Altamar CAM closes secondaries fund above hard-cap

The Madrid-headquartered asset manager excluded the fund's GP commitment from its hard-cap on the back of strong late demand from German LPs.

Altamar CAM Partners has held final close on its fourth secondaries fund as it looks to rapidly grow its assets under management.

The Madrid-headquartered firm raised €1.025 billion for ACP Secondaries 4, according to a statement seen by Secondaries Investor. This was helped by a late surge of interest from German investors brought into the fold by CAM Alternatives, which merged with Altamar Capital Partners in the summer.

Fund 4 had a target of €750 million and has already committed €650 million across 50 transactions, the statement said.
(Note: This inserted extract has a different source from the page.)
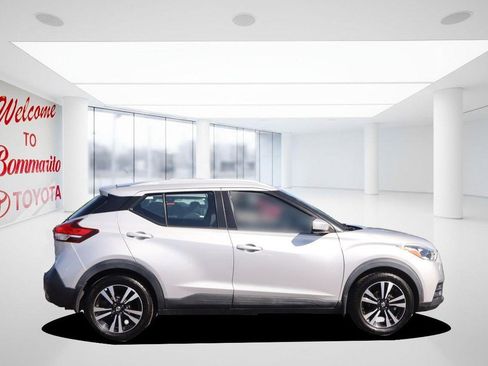 Used 2020 Nissan Kicks SV FWD image 5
LPs include institutional investors, family offices, and private banks from Spain, Germany, Latin America and other parts of Europe with a “very high” reinvestment rate from existing investors, the statement said.

Given the demand, Altamar requested permission from LPs to exclude the €25 million GP commitment from the fund’s hard-cap, according to co-founder José Luis Molina.

“We should be doubling the size of the business in the next five years. [Investors from] Germany should get us there,” he told Secondaries Investor. 

German insurance companies have a combined balance sheet of more than €2.5 trillion compared with €300 billion in Altamar’s home market of Spain, he added.

The fundraise brings Altamar’s assets under management to €16 billion. It is set to return to market with another secondaries fund in 2022, targeting around €1.5 billion, Secondaries Investor understands.

Altamar’s secondaries funds target smaller, niche secondaries transactions that are less reliant on paying the highest price at auction. It will also join syndicates on large GP-led secondaries deals.

Altamar merged with Cologne-headquartered CAM in June, nearly doubling the Spanish asset manager’s AUM.

“The big firms are getting bigger and bigger. This is a business that needs some critical mass and having €14 billion is a critical mass that’s expected to be invested in technology, sustainability and all the digitisation that is coming,” co-chief executive and founding partner Claudio Aguirre told affiliate title PEI at the time.

The firm operates across private equity, venture capital, real estate and private credit. In April, it raised €430 million for Altamar Infrastructure Income II, which invests in funds, secondaries and co-investments, Secondaries Investor reported.